• PROBLEM DESCRIPTION: The data is to be repeated exactly, with the images removed.

• DATA EXCERPT:
------
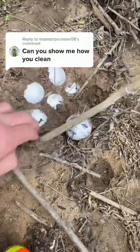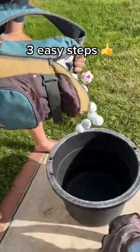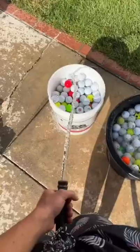Can you show me how you clean? Yeah, of course I can show you how we clean our balls. The first step is to put our balls in a bucket and then we get them nice and wet with some water.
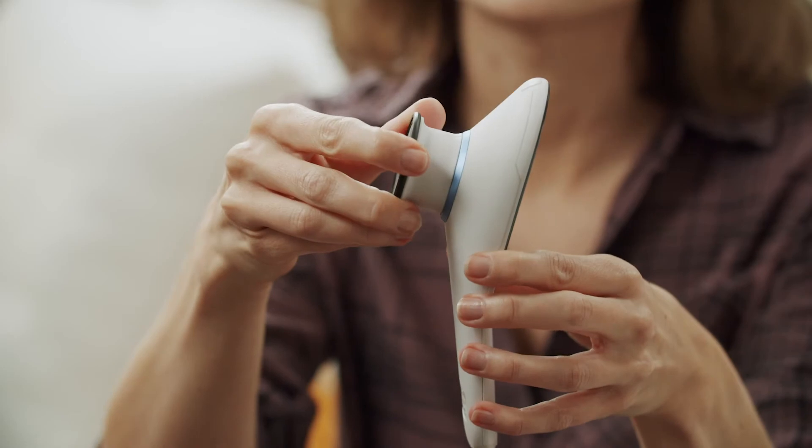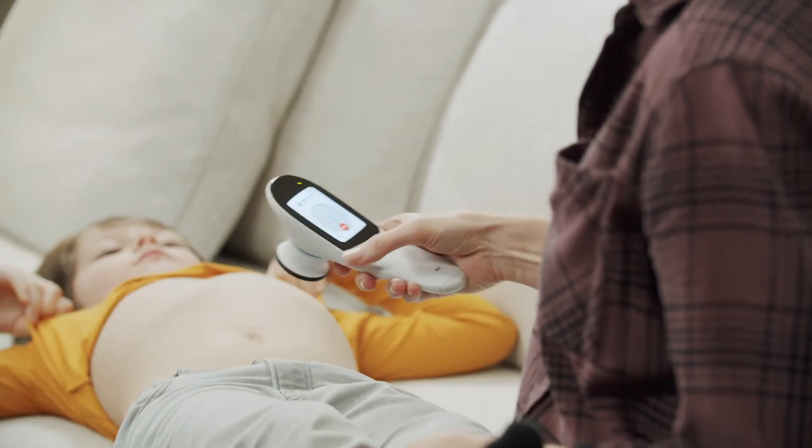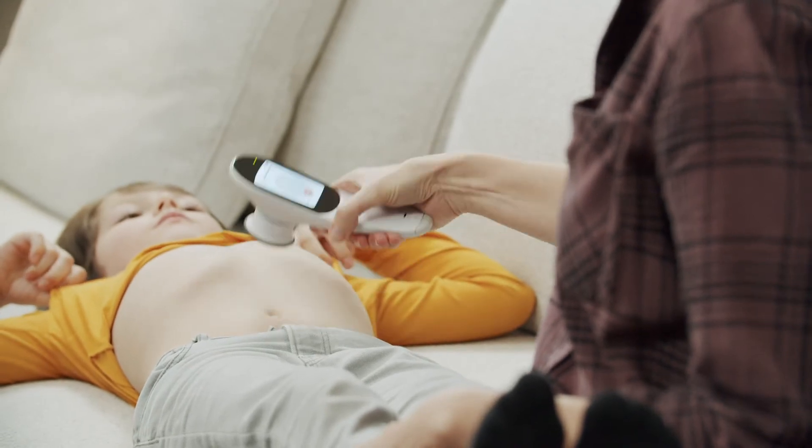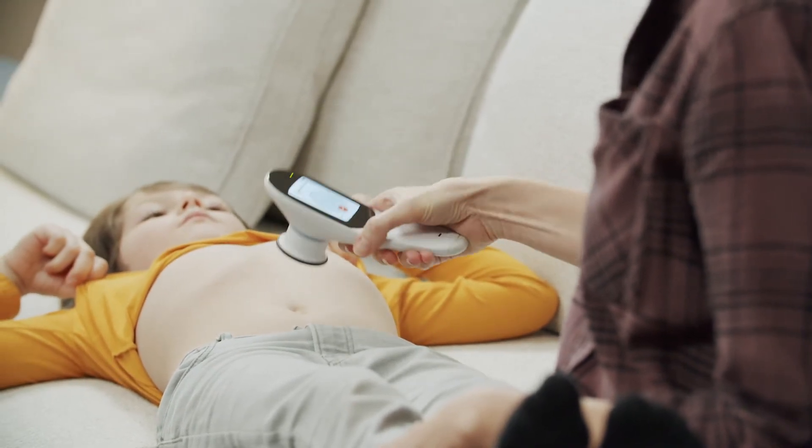Put on the stethoscope module. During the exam, follow the oscillation points presented in the manual and on the device's screen. It is important to be as precise as possible when placing the stethoscope. The exam is finished after you have recorded all oscillation points.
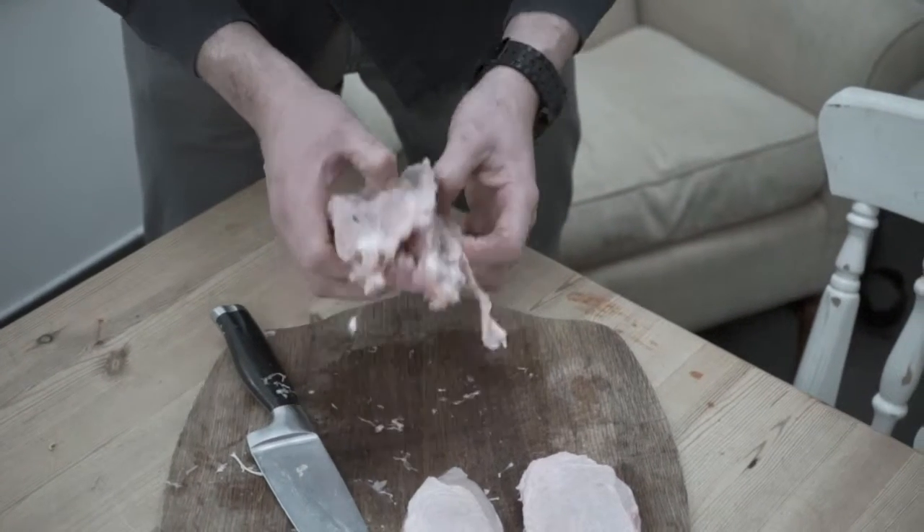You're going to be left with a carcass — just don't throw it away, it's going to be great for stock. So there you go: a whole chicken jointed into eight pieces in a couple of minutes.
------
• EXERCISE ANSWER:
Can you show me how you clean? Yeah, of course I can show you how we clean our balls. The first step is to put our balls in a bucket and then we get them nice and wet with some water.
Put on the stethoscope module. During the exam, follow the oscillation points presented in the manual and on the device's screen. It is important to be as precise as possible when placing the stethoscope. The exam is finished after you have recorded all oscillation points.
You're going to be left with a carcass — just don't throw it away, it's going to be great for stock. So there you go: a whole chicken jointed into eight pieces in a couple of minutes.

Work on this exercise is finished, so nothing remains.